The Branxholme Pipeline Upgrade is one of Invercargill City Council’s most significant infrastructure projects – and it is set to head to one of Invercargill’s busiest streets early in 2024.
The Branxholme Pipeline Upgrade involves replacing about 10km of existing pipeline network, between the Branxholme Water Treatment Plant on the outskirts of Invercargill, to the water tower on Gala St.
Invercargill City Council Programme Director Lee Butcher said that Council, together with its contractor Rooneys Earthmoving, had revised the works programme so that work resumed on Herbert St once the festive season was over.
“Originally, this work was scheduled for later in 2024. But, given these streets are thoroughfares used by many residents – whether it’s to drop the kids off at school, or head to the office – it made sense to try and complete this work while people were still trickling back after their holiday,” he said.
“The work here means we’re required to shut a section of the roads to all traffic. With several schools in the immediate vicinity of this area, and schools not set to return until the end of January, it made sense to get as much of this done as quickly as possible. We also know that, while some of us will be back on the tools by early January, a lot of people will still be away on summer holidays. Our hope is that by focusing our attention on this part of town straight out-of-the-gate in 2024, we’ll avoid disrupting as many people’s daily routines as we possibly can.”

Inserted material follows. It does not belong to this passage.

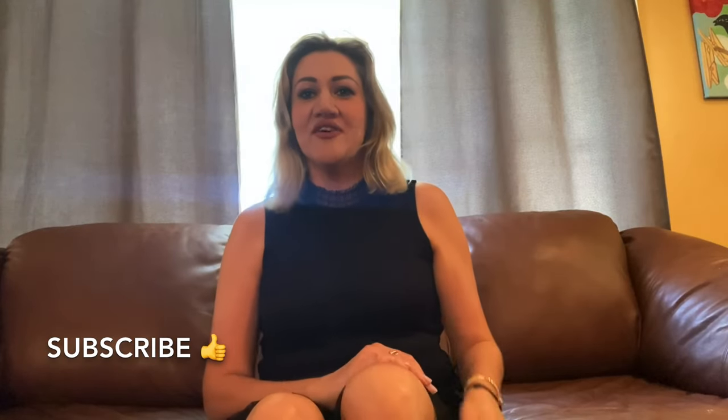Hi everyone and welcome back to my channel. Today I'm going to unbox with you my new Louis Vuitton Papillon Trunk. I will unbox it and also show you how you can wear this bag. So let's unbox together.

Sections of Herbert, Russel and Kelvin streets will be closed to both vehicle and pedestrian traffic while work to install the new pipeline is underway. Work would begin here on January 8, and was expected to wrap up on January 19, Butcher said.
“Unfortunately while we cannot avoid disruption completely, we do hope that this measure will mitigate the impact this project has on Invercargill residents. The Branxholme Pipeline Upgrade is a project we simply have to undertake, but it does mean we will inevitably have an effect on people in various parts of the central city as we progress through the stages of work.
“We’d really encourage people to visit the Invercargill City Council website, and sign up to receive the Branxholme Pipeline Upgrade newsletter. This will ensure they receive regular updates on what stage the project is at, and which part of town it is heading to next. The more people know in advance, the less of a headache this will cause,” Butcher said.
Work on the Branxholme Pipeline Upgrade began in mid-2022 and is expected to continue until the end of 2024. The city’s existing pipeline was originally installed in 1958, and had come to the end of its lifespan, he said.
The network would be replaced by a more durable, modern pipeline to ensure future generations of Invercargill and Bluff residents continued to enjoy access to clean, safe drinking water, he said.